In some of those channels they simultaneously read, view, search, interact, react, buy, applaud and complain. In others they may simply, slowly, yet importantly, be suggestible and persuadable as the wheels of preference turn.

This is essential because this year, more than ever, the marketer will find the fidelity of decision making upset by unprecedented static.

That static comes from a world set against a backdrop of political turbulence, of intense scrutiny of political positions taken by media sellers and advertiser. Of the nature and accuracy of content, of consumer privacy, of the collection and application of data and the role of regulators. It’s made more complex by #seeher, #timesup and #metoo, and compounded by the need to thread the needle between the commercial goals of advertising and the growing trend of corporations moving their social responsibility from their financial statements to their Twitter feeds and prime time commercials.

Prime time. What is that, exactly? Other than the Lazarus-like rebirth of NFL ratings and the NBA’s continued success, large parts of legacy television find themselves in AA: audience anemia. It’s a real problem that’s accelerated by drivers as diverse as subscription video on demand, YouTube, social networking, esports and the massively underappreciated dent in screen time made by gaming in all of its forms. Netflix has gone on record recognizing Fortnite as a competitor.

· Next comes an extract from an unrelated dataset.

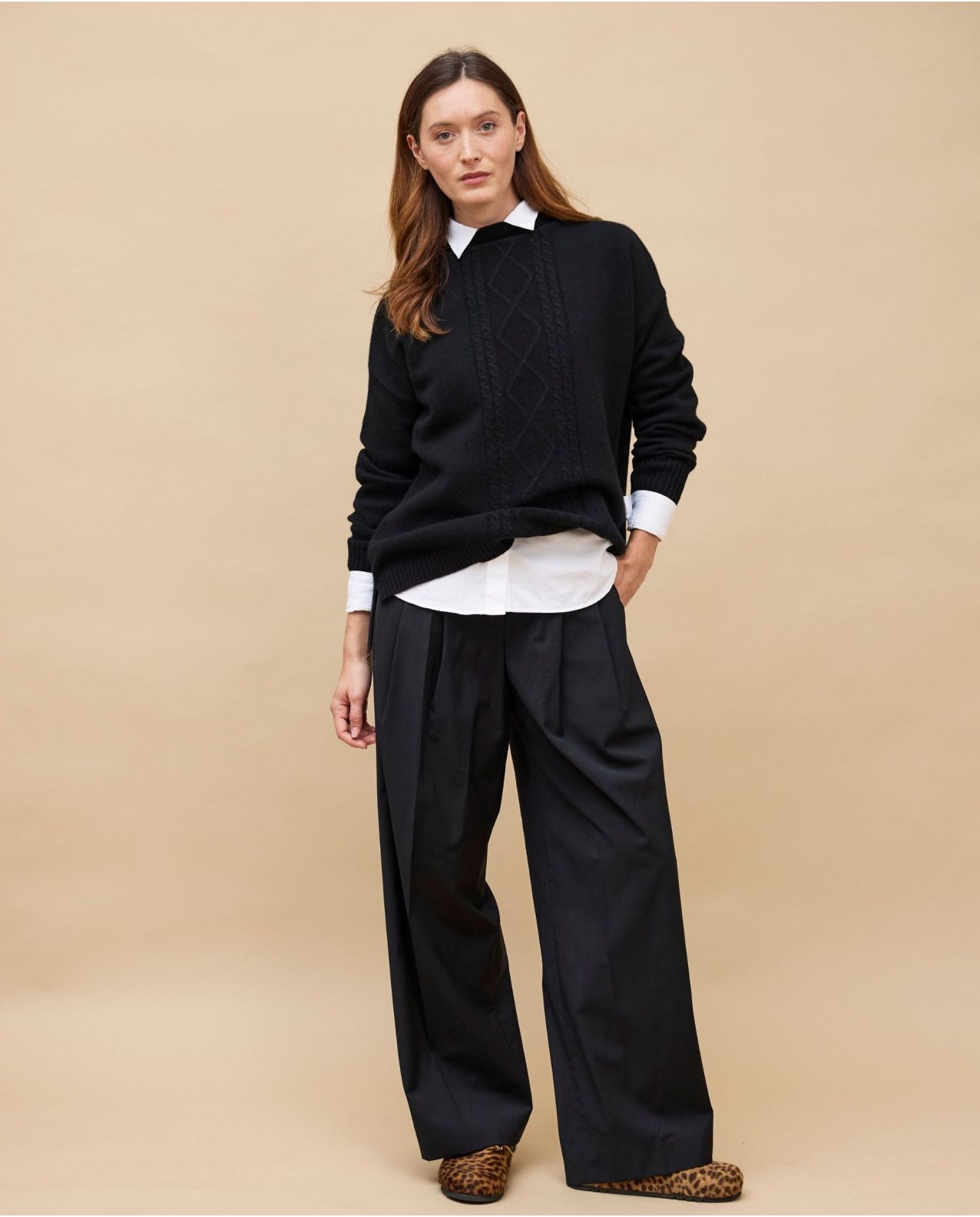 Pull col montant torsade noir 100% cachemire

In 2019, advertisers will pursue ad-supported, over-the-top/connected TV and hold their breath hoping that Hulu and new offerings from NBCU, Viacom/Pluto and others will somehow act as a dam to hold back the tide of ad avoidance. Equally, they should press relentlessly to trade against advanced audiences and be progressive and realistic with their attribution models.

For attribution, they need to ensure that their application of peripheral vision extends to how they value actions and impressions in different channels. They must be thoughtful about the incentives they create for their media suppliers, their intermediary service partners and, critically, for their own enterprises. You never know, sometimes profit and margin are moved further and with greater durability by a shift in awareness and preference than they are by another million fleeting impressions.

This is important to all advertisers, especially the disruptive direct-to-consumer wave who have discovered (or soon will) that there is a ceiling to the potential of traditional performance marketing channels. When that ceiling is hit, you have three choices: sell before anyone spots it, pivot to a strategy that prioritizes margin and profit over user growth, or, move budgets to channels that work but with less (seemingly) binary proof. It may be that faith-based channels are every bit as effective, and that it’s OK (or better than OK) to accept proof of success via real measures of business (did we sell more stuff?) rather than via internal measures of media like reach, frequency or views.

So there it is. Enter 2019 with eyes wide open. Be agile, and be sensitive to the broader issues of the world in which we live and operate. Do unto others as you would hope they would do unto you. Pursue relevance of messaging, precision of targeting and measure what matters. Finally, think of video and consumer attention as the precious commodities they are and try to ascribe the highest value to that which really drives business performance.